* [AIM OF THE EXERCISE] Please give back, exactly as written, the lines from the line with "Apartament 2 camere" to the line with "Flu mantém esperança" in the listing below, leaving out all pictures.

* [GIVEN RECORDS]

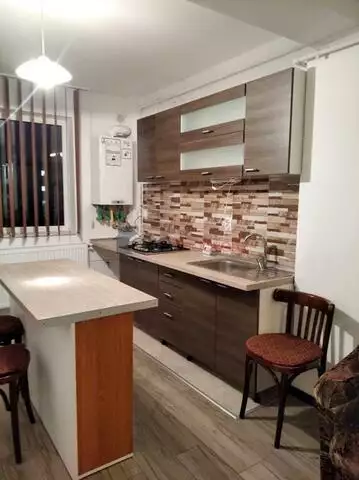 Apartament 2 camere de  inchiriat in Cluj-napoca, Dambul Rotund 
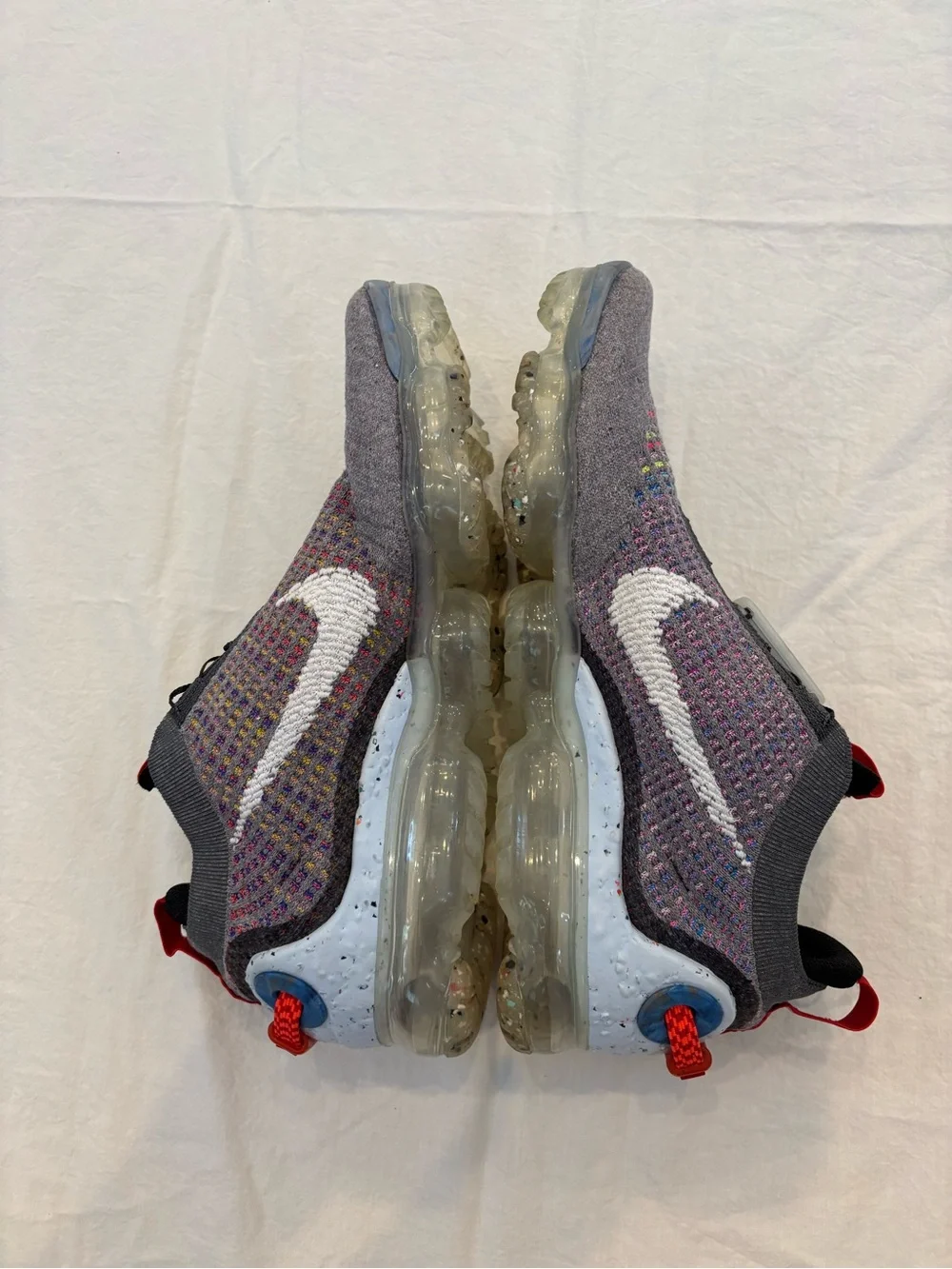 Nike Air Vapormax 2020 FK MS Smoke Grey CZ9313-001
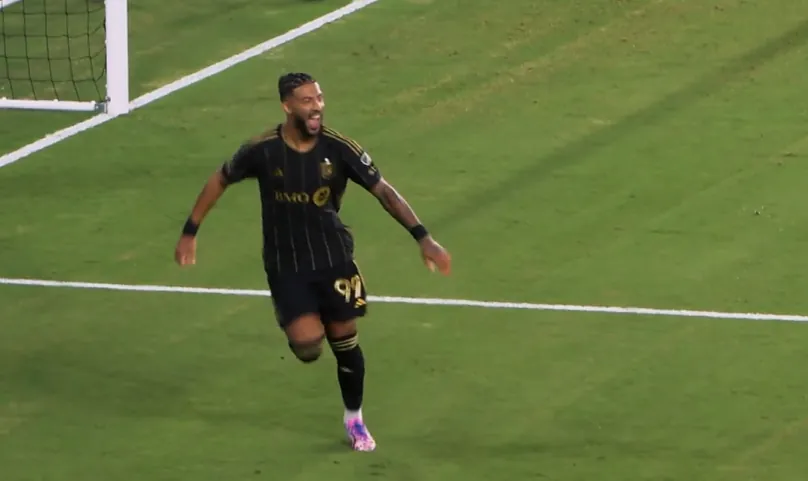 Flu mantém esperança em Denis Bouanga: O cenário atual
---
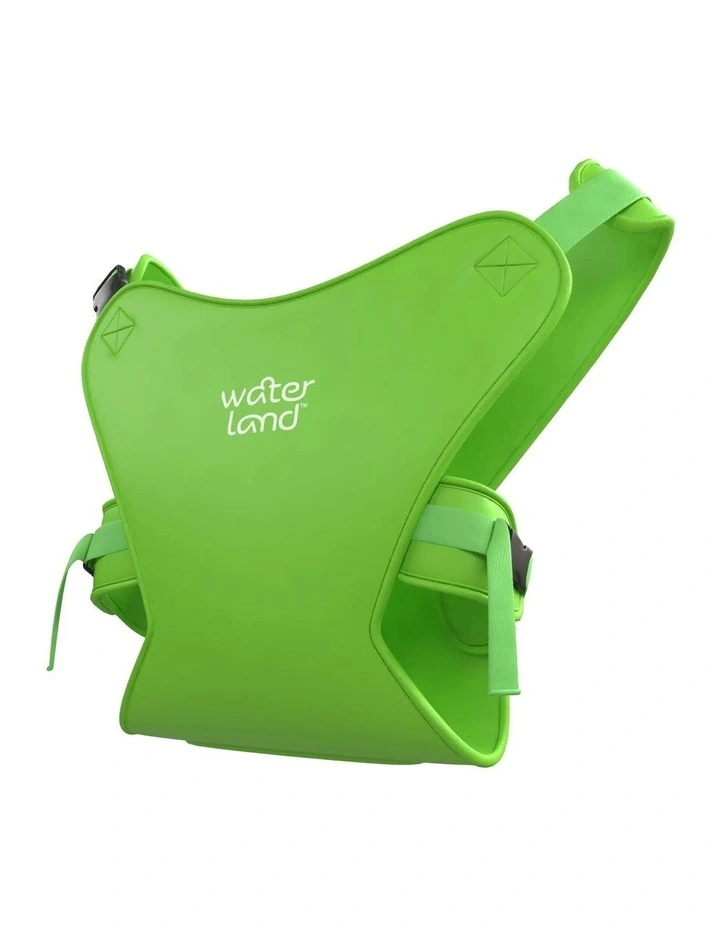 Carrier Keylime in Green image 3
---
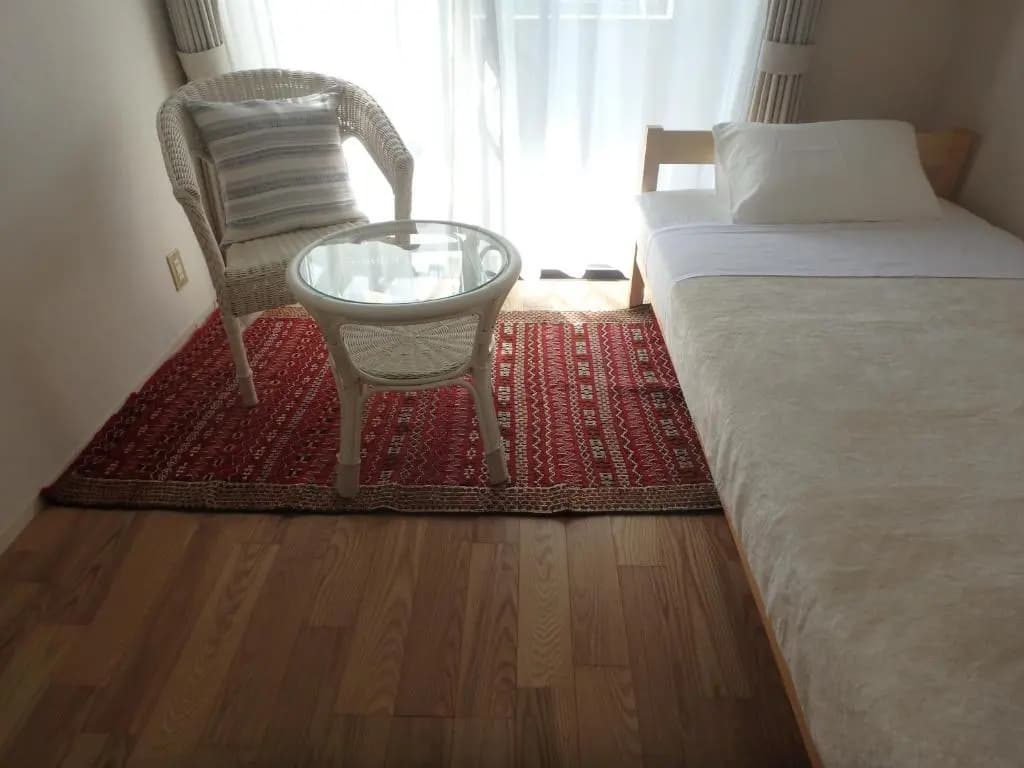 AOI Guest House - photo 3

* [EXERCISE RESULT]
 Apartament 2 camere de  inchiriat in Cluj-napoca, Dambul Rotund 
 Nike Air Vapormax 2020 FK MS Smoke Grey CZ9313-001
 Flu mantém esperança em Denis Bouanga: O cenário atual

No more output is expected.